= Cannonball sign =

Radiologic sign in disseminated cancer

The cannonball sign is a radiological term used to describe the presence of multiple, well-circumscribed, round opacities seen on X-ray or CT imaging, typically in the lungs. This finding is most commonly associated with hematogenous metastases, where malignant cells spread to the lungs via the bloodstream, forming discrete nodules that resemble cannonballs. The term "cannonball" reflects the large, rounded appearance of these lesions, often evident on chest radiographs or CT scans.
==Pathophysiology==
Cannonball metastases result from the hematogenous dissemination of malignant cells, where tumor emboli travel through the bloodstream and lodge in the pulmonary vasculature. The lungs are a frequent site of metastases due to their rich vascular supply and filtration of venous blood. The characteristic rounded nodules represent distinct tumor foci that grow in a non-infiltrative pattern.

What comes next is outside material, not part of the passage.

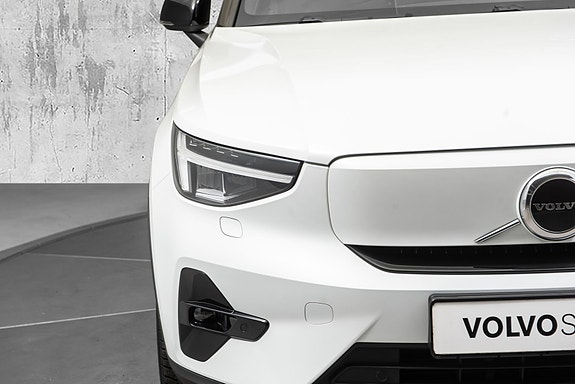 Volvo XC40 3 of 5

This pattern is typically associated with malignancies that produce well-demarcated metastatic deposits rather than diffuse infiltrative changes. The size and number of nodules can vary depending on the primary tumor and the extent of metastatic spread.

==Imaging features==
===Chest radiograph===
Chest radiograph shows multiple, rounded opacities of varying sizes, typically bilateral but may be unilateral in early stages. Lesions are well-defined, mimicking cannonballs.
===Computed tomography===
CT has greater sensitivity in detecting small or early nodules. Nodules are round, well-circumscribed, and randomly distributed. The nodules may reveal additional features such as necrosis or calcification, depending on the tumor type.

===MRI and PET-CT===
Rarely used for initial identification but can assess metastatic activity, especially in borderline or ambiguous cases.
==Clinical implications==
Cannonball metastases are classically seen in renal cell carcinoma, also seen in choriocarcinoma, endometrial cancer, prostate cancer and some gastrointestinal malignancies.
The presence of cannonball metastases is a hallmark of advanced systemic malignancy. Identification of these lesions often triggers search for primary tumor. Detailed history, physical examination, and further imaging studies (e.g., abdominal or pelvic CT, mammography) are needed to locate the primary malignancy. Biopsy may be performed to confirm the metastatic origin and histopathology, particularly if the primary tumor is unknown.
Cannonball metastases often indicate a poor prognosis, reflecting widespread disease.